The Braves didn’t exactly have an offensive explosion, but it wasn’t too bad for a game against a lefthander and with Chipper getting an off-day. After Glavine fell behind 1-0 in the first, Norton singled home Johnson to tie it. In the second, Escobar and Francoeur had RBI singles to make it 3-1. They didn’t quite go into hibernation mode, getting a run in the sixth with Josh Anderson (in his first start) singling home Infante, making it 4-2 at the time.

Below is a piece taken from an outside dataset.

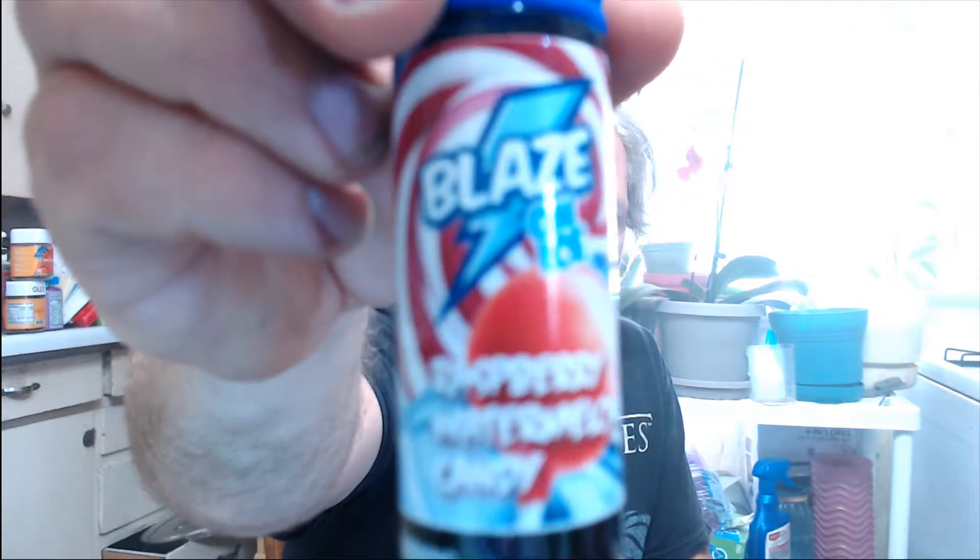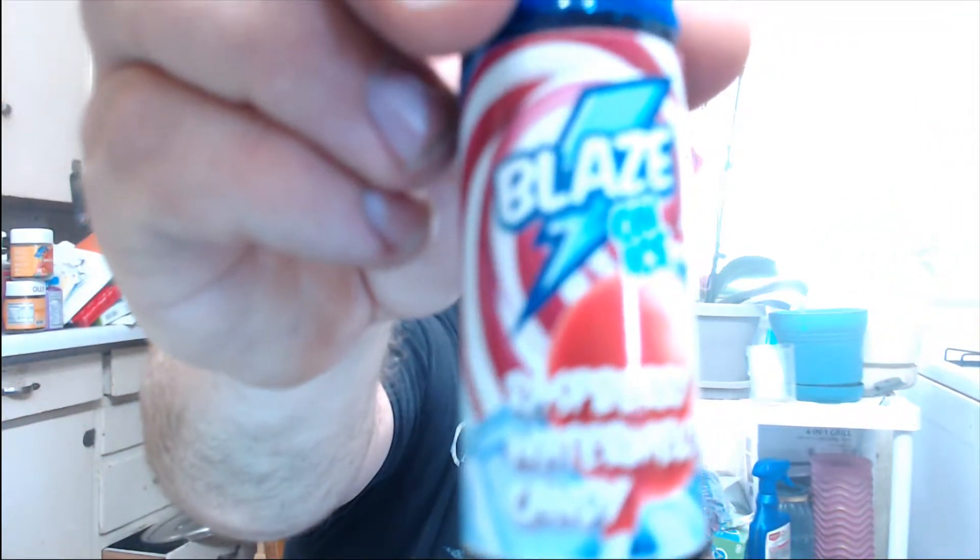I believe these are supposed to be menthol, but I don't get any of that menthol kick.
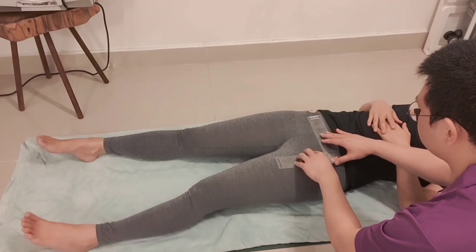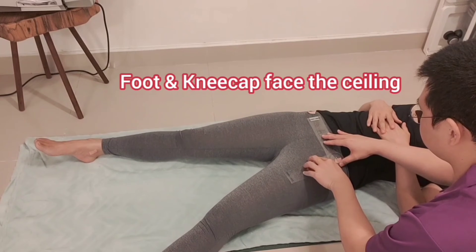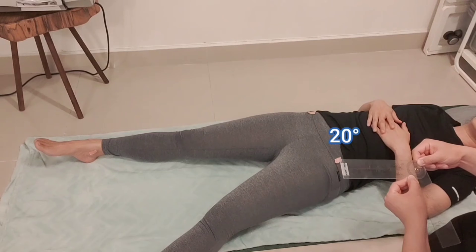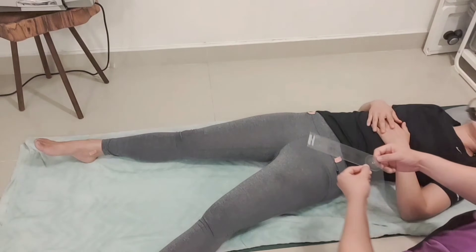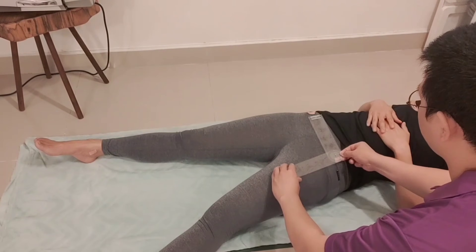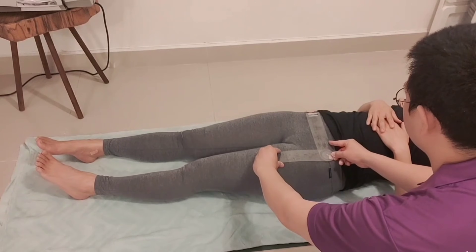Perform abduction of the hip joint. The patient's foot and kneecap should face the ceiling during the measurement — be careful not to externally rotate the patient's foot during the measurement, because if the hip joint is externally rotated during the measurement then we cannot get a proper result.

Bobby did a good job managing. He didn’t try to push Glavine, limiting him to five innings and not trying to bring him back at about 100 pitches to start the sixth. Blaine Boyer went 2 1/3 and pitched well, striking out two and allowing just one baserunner on a walk. Ohman got a break on a groundout call (the hitter was evidently obviously safe) but wound up retiring both of the men he faced. Everything worked out, but with Soriano unavailable Acosta was the closer — and he’s not. Ring came in, too late, to finish the inning.
Escobar got on with one out in the ninth, but KJ hit a long flyout and Francoeur, in his inimitable way, hit a first-pitch groundout to end the game. Chipper never came to bat; he probably would have hit for the pitcher two batters later. Instead of a tie for second, the Braves are two behind the Marlins now.